Woah. What the fuck. This play is incredible. It’s the coolest small-scale play I have seen in years, the coolest one-man show I have ever seen, and very much not for the faint-hearted / bashful / easily offended.
I had an inkling that Mark Wilson – the writer and performer of this show, from the much-lauded Melbourne MKA theatre of new writing collective – would use someone in the audience during the play, so when he started eyeing up the crowd, looking for his husband, I tried to carefully and non-offensively to avoid eye contact (because I’m a reviewer, right). It didn’t work, and I ended up on-stage as the husband of a pampered Oscar-winning actress, gorgeously played by the bearded, glamorous Mark.
Though the transition from audience member to part-performer was a shock – I still felt very much like I was watching it unfold, even seated on a couch on the stage, because the character I was now alongside was such a steam-roller of energy and narcissism that I fortunately wasn’t required to say or do much as he sang Beyoncé’s ‘Irreplaceable’ at me and forced me off-stage.
Unsex Meloosely deals with the thematic concerns of Macbeth; the guilt of Lady Macbeth and the loss of her infant; the disconnect between her and Macbeth, as an ‘unsexed’ couple dealing with the crimes they commit and the losses they’ve endured. Wilson, placing himself between the two in an exploration of the space in-between their two sexes, finds a thoroughly original way of questioning expectations of gender. It’s an excellently-structured, excellently-performed show, with a completelyunsexpectedandtransgressivefinale that I totally implore you to go witness.

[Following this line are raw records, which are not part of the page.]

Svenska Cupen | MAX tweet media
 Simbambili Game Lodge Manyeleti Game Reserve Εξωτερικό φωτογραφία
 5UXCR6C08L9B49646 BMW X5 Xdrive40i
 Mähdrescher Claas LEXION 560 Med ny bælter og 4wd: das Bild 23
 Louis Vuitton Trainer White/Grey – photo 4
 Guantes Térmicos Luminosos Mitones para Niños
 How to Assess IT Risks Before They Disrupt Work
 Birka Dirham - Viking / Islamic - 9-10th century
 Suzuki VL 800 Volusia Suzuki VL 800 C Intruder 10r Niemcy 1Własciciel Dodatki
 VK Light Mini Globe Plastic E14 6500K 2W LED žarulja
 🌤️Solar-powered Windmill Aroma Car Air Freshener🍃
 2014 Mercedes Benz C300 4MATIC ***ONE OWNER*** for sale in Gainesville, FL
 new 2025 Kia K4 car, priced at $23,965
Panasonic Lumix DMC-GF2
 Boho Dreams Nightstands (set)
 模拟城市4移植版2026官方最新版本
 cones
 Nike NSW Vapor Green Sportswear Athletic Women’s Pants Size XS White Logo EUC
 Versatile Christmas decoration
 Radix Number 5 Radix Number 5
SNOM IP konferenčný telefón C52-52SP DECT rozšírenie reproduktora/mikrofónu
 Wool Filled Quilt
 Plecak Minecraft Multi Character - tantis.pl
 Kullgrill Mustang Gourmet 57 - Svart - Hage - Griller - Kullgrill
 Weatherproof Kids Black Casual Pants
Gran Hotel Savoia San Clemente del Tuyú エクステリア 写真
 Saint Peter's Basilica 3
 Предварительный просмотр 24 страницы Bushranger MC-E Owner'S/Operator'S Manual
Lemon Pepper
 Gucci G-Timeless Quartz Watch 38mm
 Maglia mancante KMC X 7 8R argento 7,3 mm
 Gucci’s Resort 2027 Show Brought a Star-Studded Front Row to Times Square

I am rarely impressed by shows that rely entirely on one performer, mostly because it’s hard to maintain the audience’s interest for an extended period with the limited range of characters and theatrical dynamics that one person can assume. Mark Wilson’s performance confounds that notion by being hilarious, entertaining, hugely varied both visually and thematically, and extremely compelling as an exploration of gender identity.